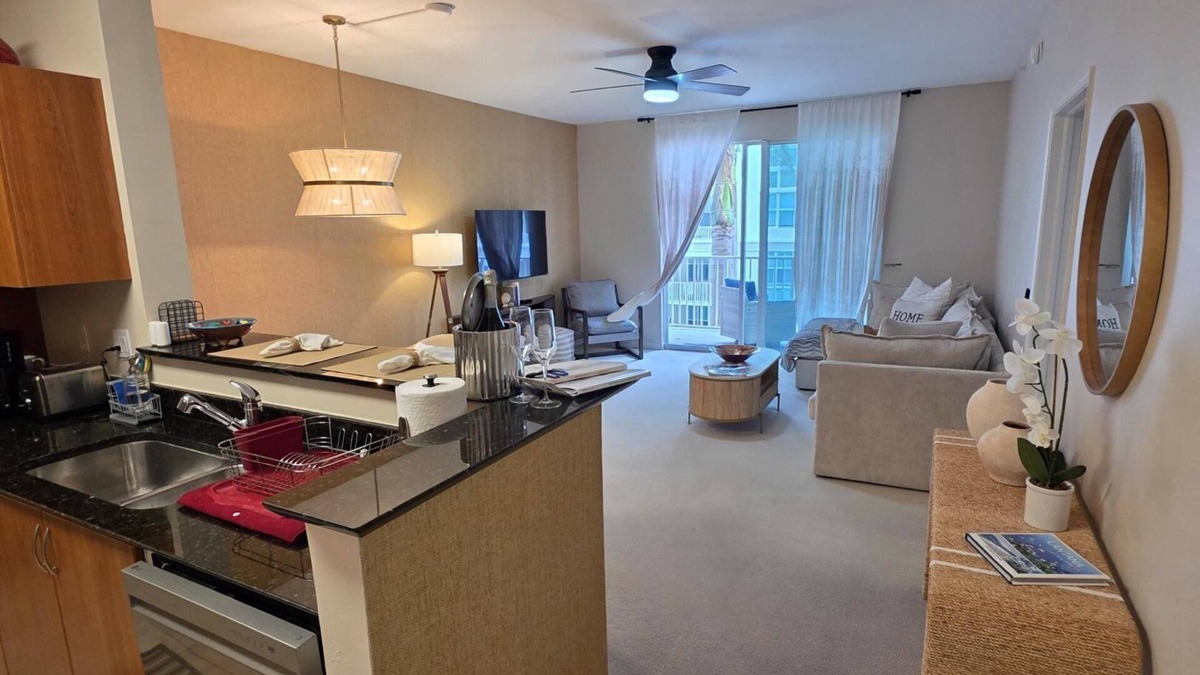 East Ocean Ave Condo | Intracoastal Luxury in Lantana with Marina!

··········

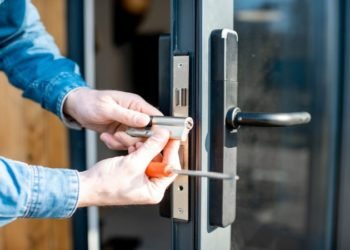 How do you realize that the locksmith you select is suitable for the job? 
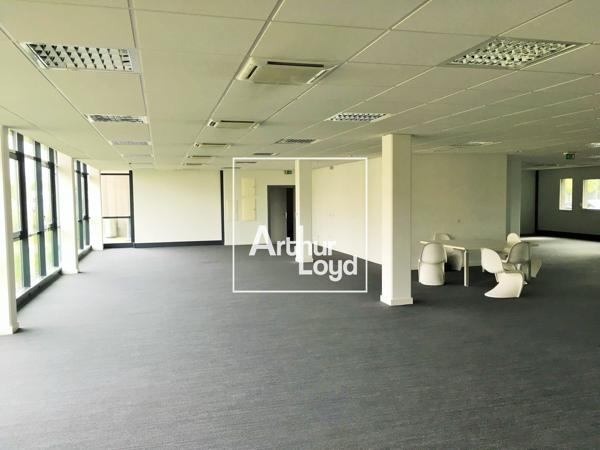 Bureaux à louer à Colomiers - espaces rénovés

··········

● WORK INSTRUCTION: In the listing above, find the line with "How do you realize" and the line with "Bureaux à louer". Transcribe those two and everything between, exactly, leaving out pictures.

● ANSWER BOX:
 How do you realize that the locksmith you select is suitable for the job? 
 Bureaux à louer à Colomiers - espaces rénovés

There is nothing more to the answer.